In a move that Ethiopian Prime Minister Abiy Ahmed described as geared towards promoting reconciliation, the release of several opposition figures detained by the federal government, including some members of the Tigray People’s Liberation Front (TPLF), was announced on January 7.

The announcement of the release of the political opponents took place in conjunction with the Orthodox Christmas celebrations, and, according to the Prime Minister’s announcement, the release will be marked by a pronouncement of amnesty for the crimes previously charged against the opponents.

Among the names listed in the release order are those of Sebhat Nega, 88 years old and among the founders of the TPLF, who was arrested exactly one year ago, and Jawar Mohammed and Bekele Gerba, members of the Oromo opposition accused of inciting the violence that followed the murder of the popular singer Hachalu Hundessa in June 2020.

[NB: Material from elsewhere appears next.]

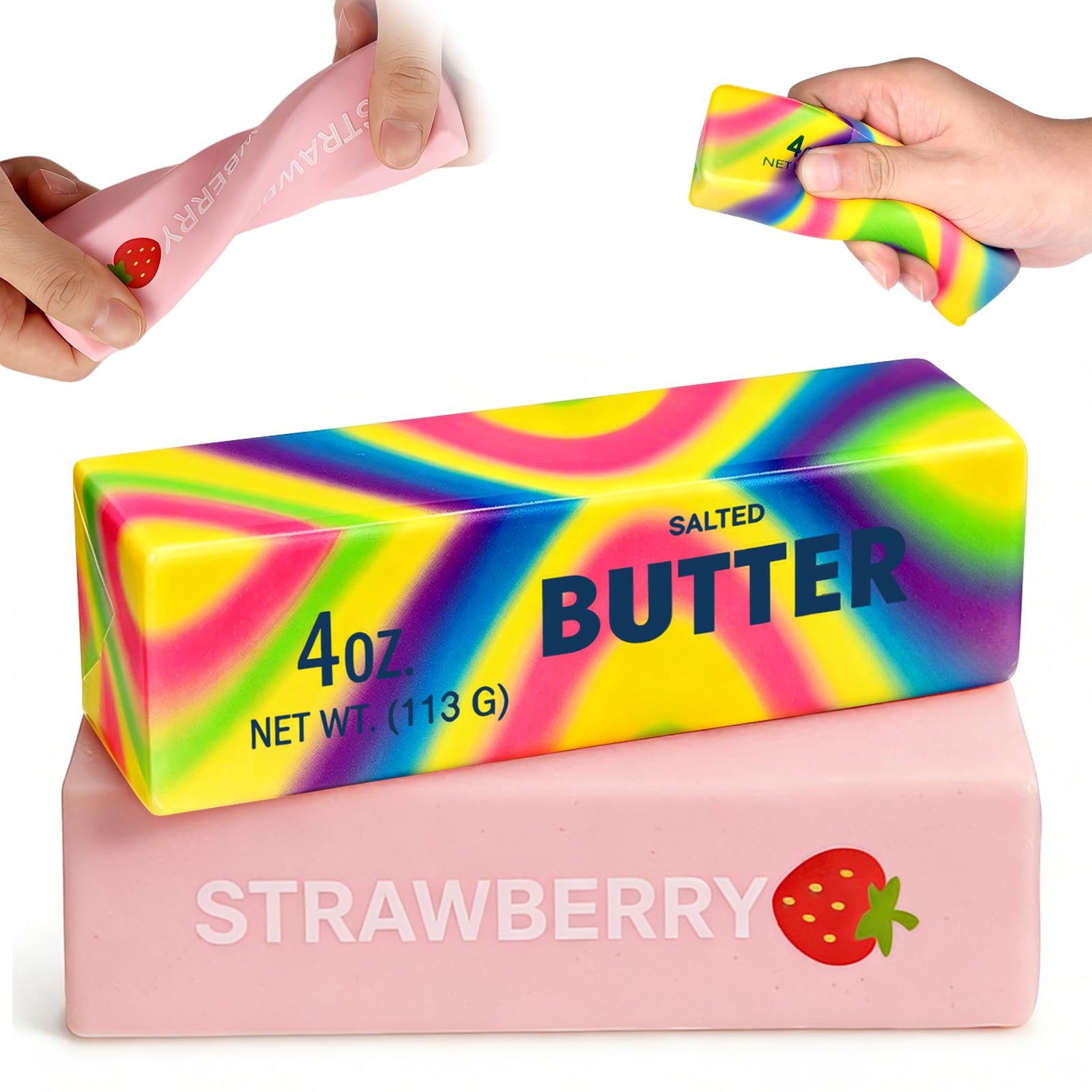 2PCS Butter Squishy, Butter Stick Squishies Stress Balls, Slow Rebound But-ter Stick Squeeze Toy, But-ter & Rainbow Strawberry Squishy, Anxiety Relief Fidget Toy for Kids Adults Office Home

Other TPLF members would also figure in the release list, including Sebhat Nega’s sister Kedusan Nega, former Tigray president Abay Woldu, former TPLF central committee member Abadi Zemu, and Eskinder Nega, former head of the Baladera for a True Democracy party.

The announcement of the release of the political opponents came in the aftermath of the mission to Ethiopia of the U.S. government envoy for the Horn of Africa, Jeffrey Feltman, who on January 6 met with Prime Minister Abiy Ahmed asking for an immediate cessation of hostilities. Jeffrey Feltman announced his resignation from the post only the day before his mission to Ethiopia, apparently as a result of divergencies with President Biden over the handling of U.S. policy in Ethiopia and Sudan. He will be replaced by former ambassador to Turkey David Satterfield.

Prime Minister Abiy Ahmed’s decision to release and pardon some prominent members of the Tigrinya and Oromo opposition has fueled much speculation, most notably that related to the beginning of secret negotiations with the TPLF.

Despite the fact that the federal government denies the possibility of any negotiation with entities it considers as terrorist organizations, the suspicion of a secret negotiation has also been reinforced by the speech made in recent days by the Tigrinya president (and head of the TPLF) Debretsion Gebremichael, who, during an interview granted to the American television network CNN, claimed that the conflict must be resolved peacefully, confirming the willingness of the TPLF to support any option in this direction.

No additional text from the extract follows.